Dr Bryan A Weber, an associate professor from the University's College of Nursing, said: "This discrepancy suggests that the majority of users accept web-based health recommendations in lieu of professional advice.
"The internet is a wonderful resource if used properly and there are some very informative and reliable health websites available if patients know what to look for."
And so the team have come up with an acronym - GATOR (genuine, accurate, trustworthy, origin and readability) - to encourage healthy surfing.
They are also encouraging patients to discuss what they have found on the internet with healthcare professionals, rather than using that information as a substitute for professional medical advice.
Dr Weber said: "Some people use the internet to find out more about medical conditions because they find it more convenient, less embarrassing or it enables them to avoid healthcare costs.

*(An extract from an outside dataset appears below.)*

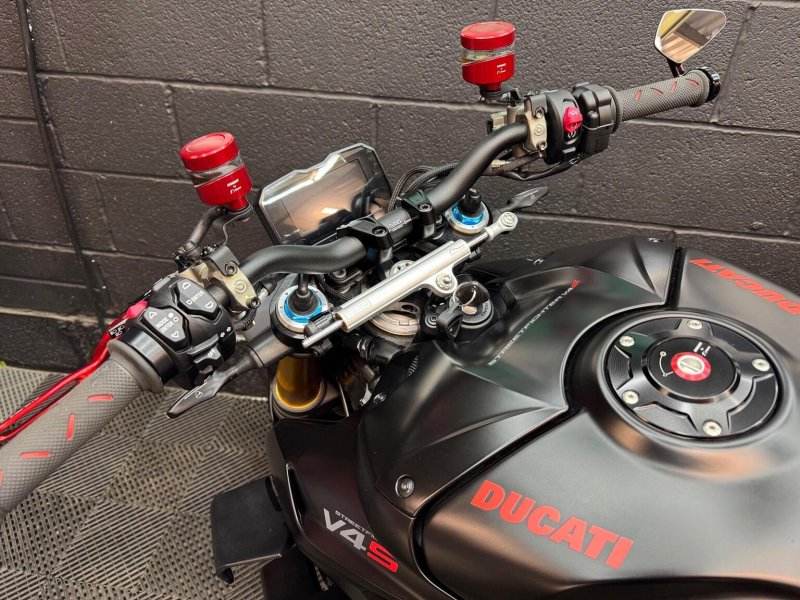 DUCATI STREETFIGHTER V4S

"The big problem is that health sites are not regulated and it is down to the company or individual running the site to determine how accurate, responsible and frequently updated any information is.
"Added to that, the majority of patients don't have the medical knowledge to evaluate the reliability of the advice they are being given.
"We recognise that it is inevitable that the majority of patients will continue to seek health information online. That's why we've developed the acronym, to help patients to find and evaluate health information while avoiding the negative consequences from trying unsafe recommendations drawn from untrustworthy sites."
He added: "The GATOR approach to assessing health information websites is an easy to remember strategy that requires few resources to implement and can be taught to patients in just a few minutes.
"We hope that it will encourage safer surfing and encourage patients to use the internet as a starting point for health discussions, rather than as a substitute for professional healthcare advice."
The approach has been discussed in the May issue of the Journal of Clinical Nursing.